COLLECTED DATA ▸
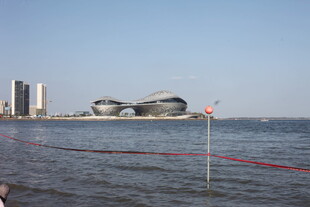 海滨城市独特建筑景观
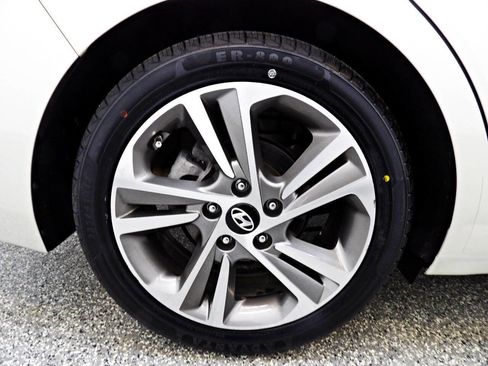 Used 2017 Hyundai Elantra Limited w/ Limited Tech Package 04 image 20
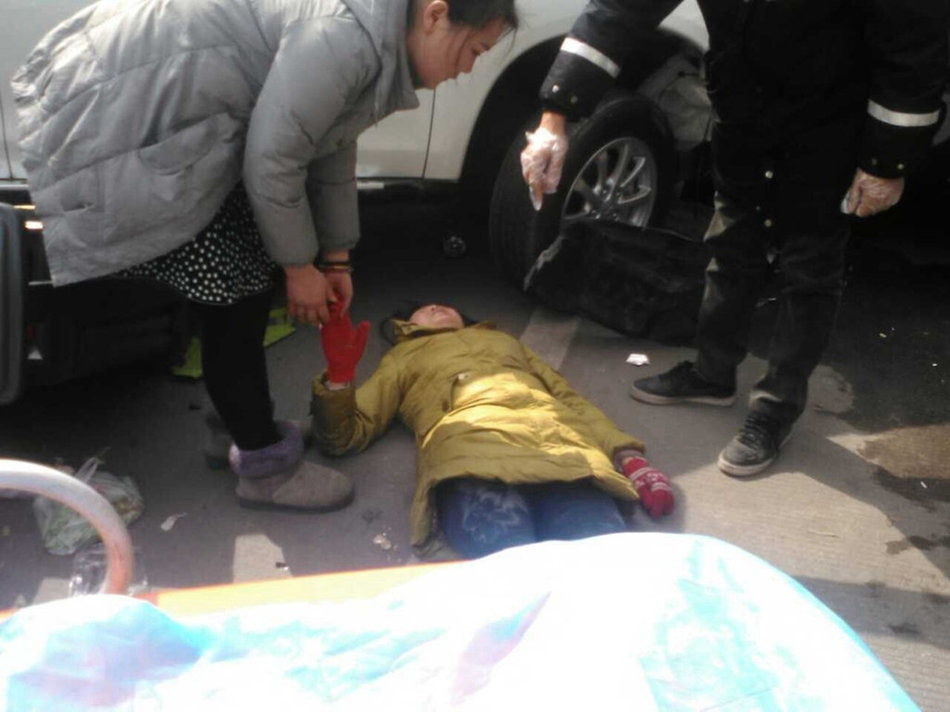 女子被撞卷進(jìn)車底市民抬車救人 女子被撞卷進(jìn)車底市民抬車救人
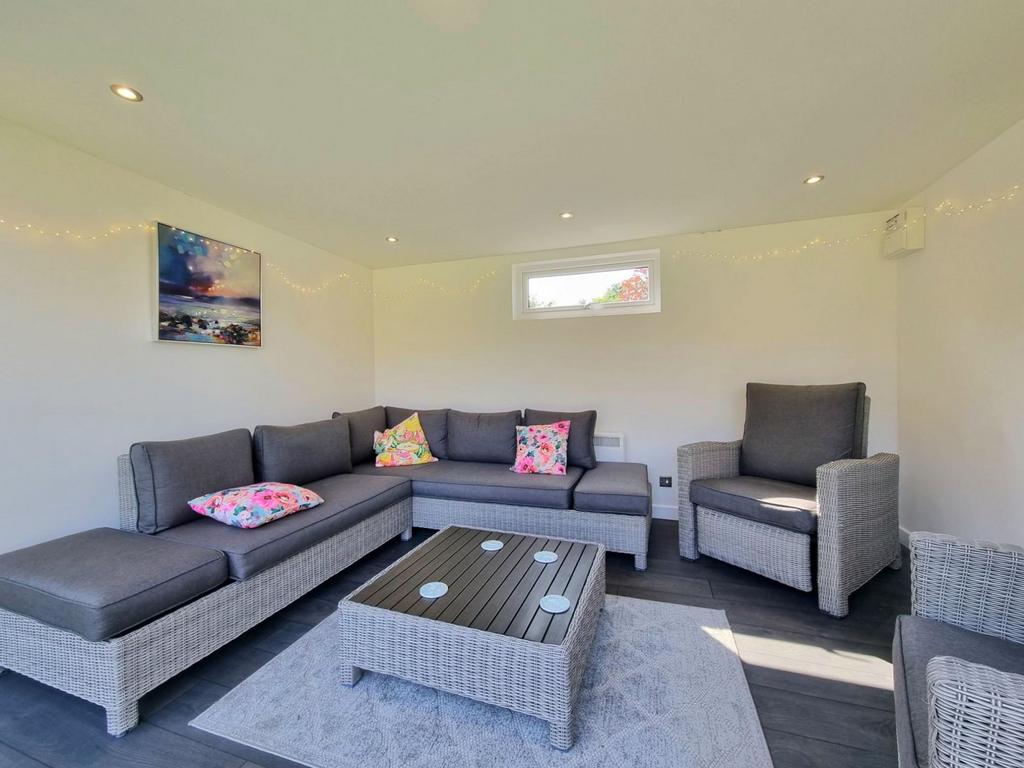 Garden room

YOUR GOAL ▸ Any picture in the data is to be skipped, while each line is returned exactly as written.

WRITTEN REPLY ▸
 海滨城市独特建筑景观
 Used 2017 Hyundai Elantra Limited w/ Limited Tech Package 04 image 20
 女子被撞卷進(jìn)車底市民抬車救人 女子被撞卷進(jìn)車底市民抬車救人
 Garden room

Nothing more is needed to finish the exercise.